Aloo gobi masala is a twist on the traditional dry recipe which tastes great with paratha. It's a simple, flavourful vegetarian dish combining potatoes, cauliflower and lots of fragrant spices. It's also common to add mattar (peas) but I decided to keep this recipe to the bare basics!
Servings: 5-6 portions
Prep+cooking time: 30 mins
- 1 medium sized cauliflower, sliced to yield 2 bowls of bitesized florets
- 2-3 medium sized potatoes, cut into quarters
- 1/2 inch ginger, grated or mashed with a pestle and mortar
- 3 garlic cloves, grated or mashed with a pestle and mortar
- 1 medium sized onion, sliced thinly
- 1/2 tsp salt, or to taste
- tbsp vegetable oil (or any cooking oil)

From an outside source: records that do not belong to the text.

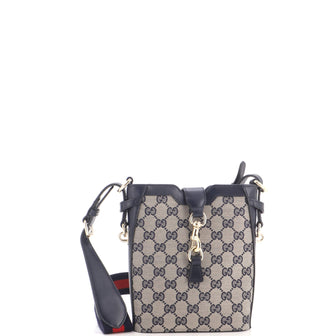 Gucci Bucket Bag GG Canvas with Leather Mini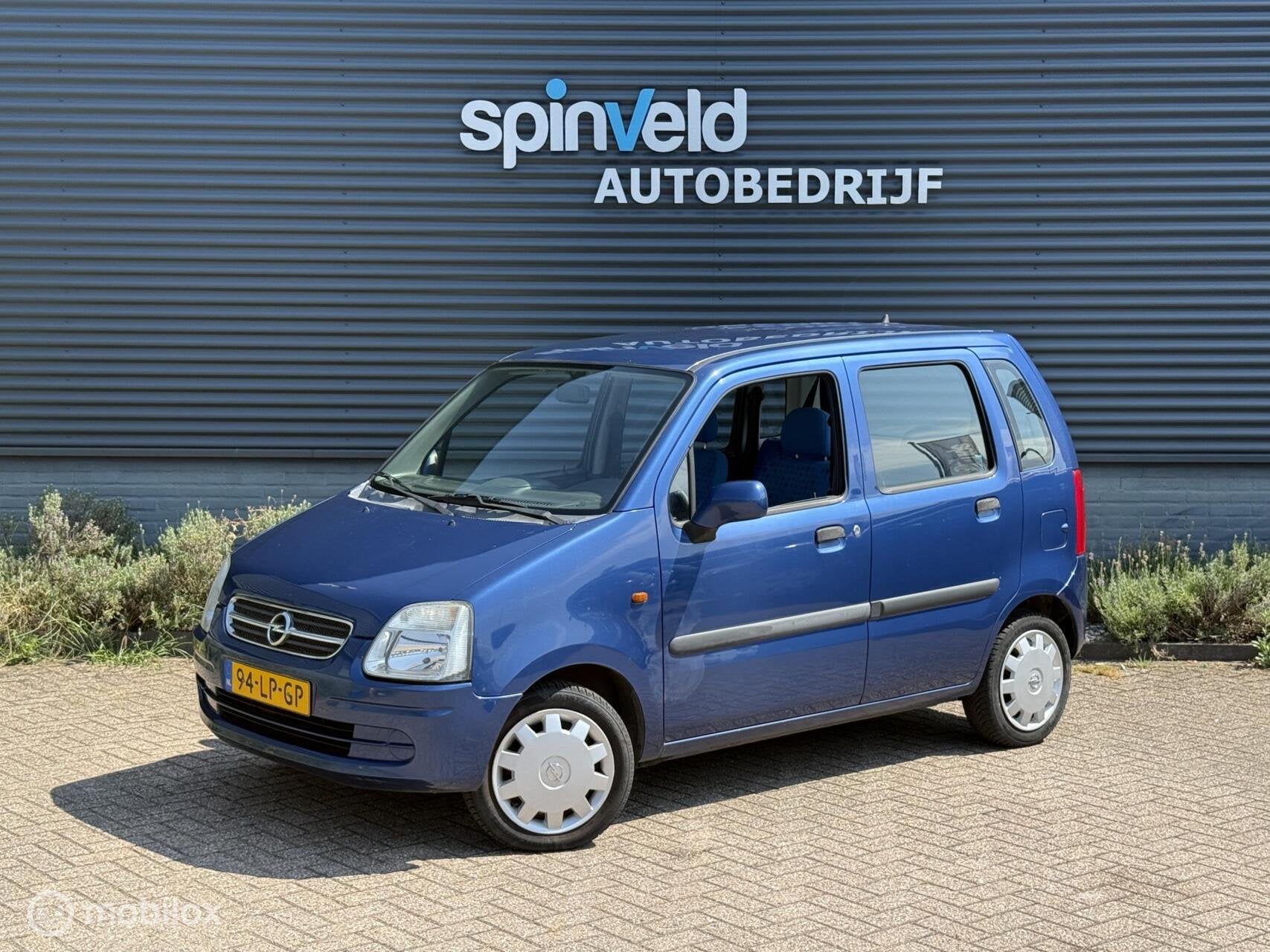 Opel Agila 1.2-16V Comfort - Elektrische ramen - Apk tot 04-, Auto's, Voorwielaandrijving, Blauw, Origineel Nederlands, Bedrijf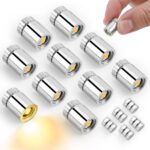 BTFO 10pcs Miniature Led Lights, Tiny Small Led Lights Battery Powered Balloon Mini Spot for Paper Lantern Party Decoration Micro Crafts Models Dollhouse Accessories(Warm White Light)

- 1/2 tsp red chilli powder
- 1/2 tsp turmeric
- 1/2 tsp garam masala
- roughly 2 cups of water to use throughout cooking
- small handful of chopped coriander
1) Heat oil over a medium in a pan and add garlic and ginger paste for a minute before continuing to add the onions and salt. Cover with a lid and allow the onions to soften for 5 minutes.
2) To create a masala for the aloo gobi, add each spice and add a few tablespoons of water at a time. Stir and replace the lid for another 5 minutes. You will know when the masala is done when the oil starts to separate from the paste.
3) Add the chopped potato (aloo) for 10 minutes and then cauliflower (gobi) thereafter, as the starch in potatoes means it takes longer to cook. Stir in the cauliflower for a remaining 10 minutes, keeping the lid on.
4) When the vegetables are completely cooked, take the aloo gobi off the flame and garnish with chopped coriander.